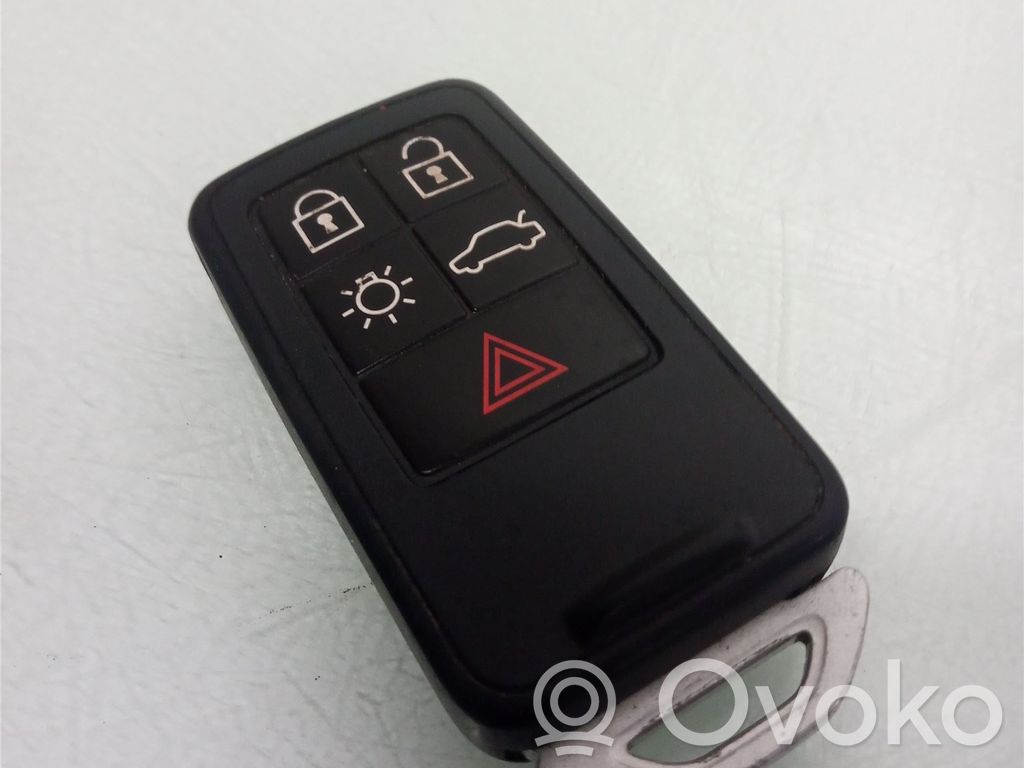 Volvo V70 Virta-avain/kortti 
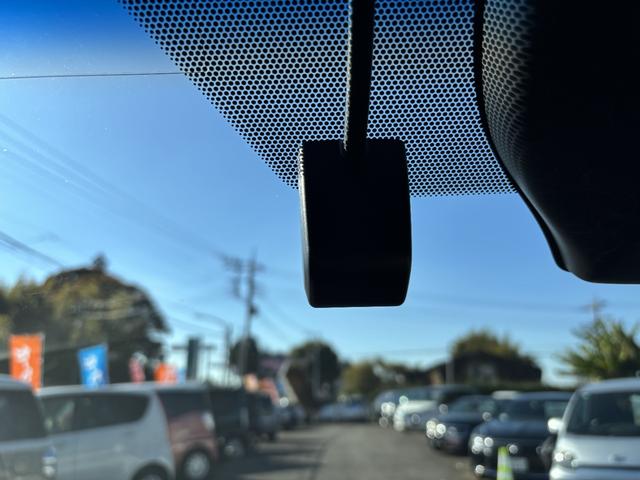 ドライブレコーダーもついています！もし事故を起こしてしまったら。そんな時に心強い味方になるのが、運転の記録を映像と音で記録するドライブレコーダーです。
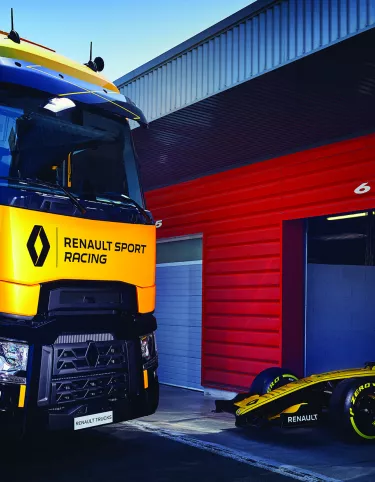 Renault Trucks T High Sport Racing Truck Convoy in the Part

...

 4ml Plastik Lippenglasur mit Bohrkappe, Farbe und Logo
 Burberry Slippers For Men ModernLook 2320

--

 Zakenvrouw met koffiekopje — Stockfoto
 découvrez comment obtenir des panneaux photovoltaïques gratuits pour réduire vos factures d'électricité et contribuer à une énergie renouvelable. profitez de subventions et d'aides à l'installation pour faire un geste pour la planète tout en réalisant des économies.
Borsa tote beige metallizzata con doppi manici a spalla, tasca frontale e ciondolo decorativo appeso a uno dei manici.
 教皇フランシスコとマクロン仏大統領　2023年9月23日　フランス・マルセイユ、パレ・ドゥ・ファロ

Exercise details: Of the lines above, extract only those from the line with "Borsa tote beige" to the line with "教皇フランシスコとマクロン仏", both included, exactly as written.

Exercise response:
Borsa tote beige metallizzata con doppi manici a spalla, tasca frontale e ciondolo decorativo appeso a uno dei manici.
 教皇フランシスコとマクロン仏大統領　2023年9月23日　フランス・マルセイユ、パレ・ドゥ・ファロ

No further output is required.